It’s by far not everywhere but a number of restaurants serve (many) dishes by the line cook/chef who made them - more recently we had it here in SF at Birdsong, Lazy Bear, Commis, RichTable, 7 Adams, Ssal, Anomaly. It’s getting more “normal” and be part of a tasting menu
For mocktails in town I think most good cocktail programs have solid mocktails. I’ve especially enjoyed the proliferation of non-alcoholic milk punches. Firstborn has one with hojicha and Darling has one with mushrooms. Both were excellent. For NA pairings I did like Vespertine’s and baroo’s (as well as Kato’s, though when I went a good chunk of it was just NA wine, which I wasn’t crazy about). I think somni’s drinks were probably better overall but those all felt more like pairings to me.

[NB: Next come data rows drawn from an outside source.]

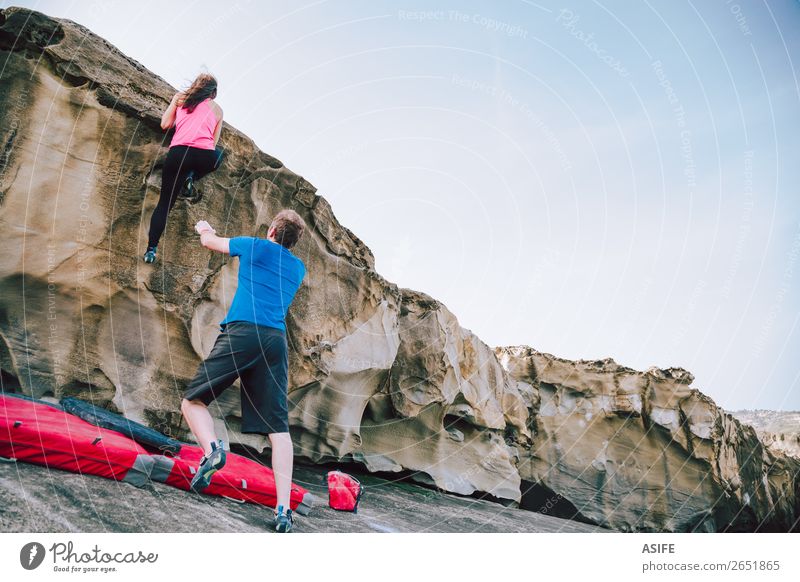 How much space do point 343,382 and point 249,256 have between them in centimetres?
388

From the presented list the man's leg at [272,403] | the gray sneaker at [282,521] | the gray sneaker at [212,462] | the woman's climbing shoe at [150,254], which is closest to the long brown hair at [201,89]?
the woman's climbing shoe at [150,254]

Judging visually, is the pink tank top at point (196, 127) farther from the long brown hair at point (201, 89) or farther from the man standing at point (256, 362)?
the man standing at point (256, 362)

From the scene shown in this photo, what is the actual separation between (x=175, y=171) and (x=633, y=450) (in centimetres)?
1341

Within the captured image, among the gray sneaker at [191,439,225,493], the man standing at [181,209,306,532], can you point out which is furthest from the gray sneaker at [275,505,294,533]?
the gray sneaker at [191,439,225,493]

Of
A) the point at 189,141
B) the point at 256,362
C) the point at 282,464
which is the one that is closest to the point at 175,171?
the point at 189,141

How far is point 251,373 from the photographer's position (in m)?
3.92

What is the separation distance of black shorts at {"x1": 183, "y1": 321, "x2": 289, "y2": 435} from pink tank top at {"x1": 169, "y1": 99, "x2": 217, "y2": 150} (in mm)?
2249

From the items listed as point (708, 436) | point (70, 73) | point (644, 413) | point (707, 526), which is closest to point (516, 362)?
point (644, 413)

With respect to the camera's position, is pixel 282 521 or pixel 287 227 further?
pixel 287 227

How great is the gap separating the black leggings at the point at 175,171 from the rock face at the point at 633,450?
35.5ft

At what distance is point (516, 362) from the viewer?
580 inches

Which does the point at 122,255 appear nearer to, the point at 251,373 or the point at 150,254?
the point at 150,254

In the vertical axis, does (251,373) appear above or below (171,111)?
below

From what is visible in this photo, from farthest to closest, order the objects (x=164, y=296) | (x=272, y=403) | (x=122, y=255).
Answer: (x=164, y=296) < (x=122, y=255) < (x=272, y=403) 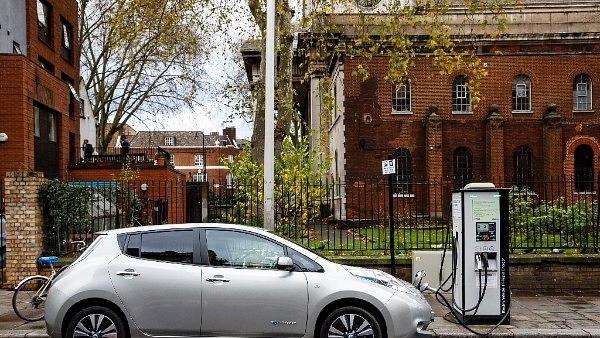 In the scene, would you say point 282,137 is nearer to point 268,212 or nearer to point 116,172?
point 268,212

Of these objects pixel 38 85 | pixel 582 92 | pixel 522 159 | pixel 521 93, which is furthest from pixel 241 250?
pixel 582 92

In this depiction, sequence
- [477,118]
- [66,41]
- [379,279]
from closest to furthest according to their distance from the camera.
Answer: [379,279] < [477,118] < [66,41]

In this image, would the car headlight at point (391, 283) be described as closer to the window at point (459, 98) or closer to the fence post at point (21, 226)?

Hm I think I might need to further define what I like about Somni.
For Somni: Presentation about dish > serve > eat > service engages you about the dish
Other restaurants I typically see present dish, it’s served, you eat it, and that’s it. Sometimes they come and ask what you thought which isn’t quite the same level of engagement I felt at Somni. I asked my friend who’s done a lot of the Bay Area higher end fine dining and he felt Saison and Enclos were the closest. For reference, I think his favorite restaurants up there are Enclos and Cyrus (though they’re both more like Napa).
Appreciate the comments about NA pairings. I guess its more important for me that the drinks would be delicious standalone as well as pairing. I also enjoyed Baroo but when I ate with family they did not feel the same. I also thought the Kato non-alc cocktails were great but so much of it was non-alc wine when I went and I wasn’t all that into it (though I’m also not particularly into wine; much prefer sake).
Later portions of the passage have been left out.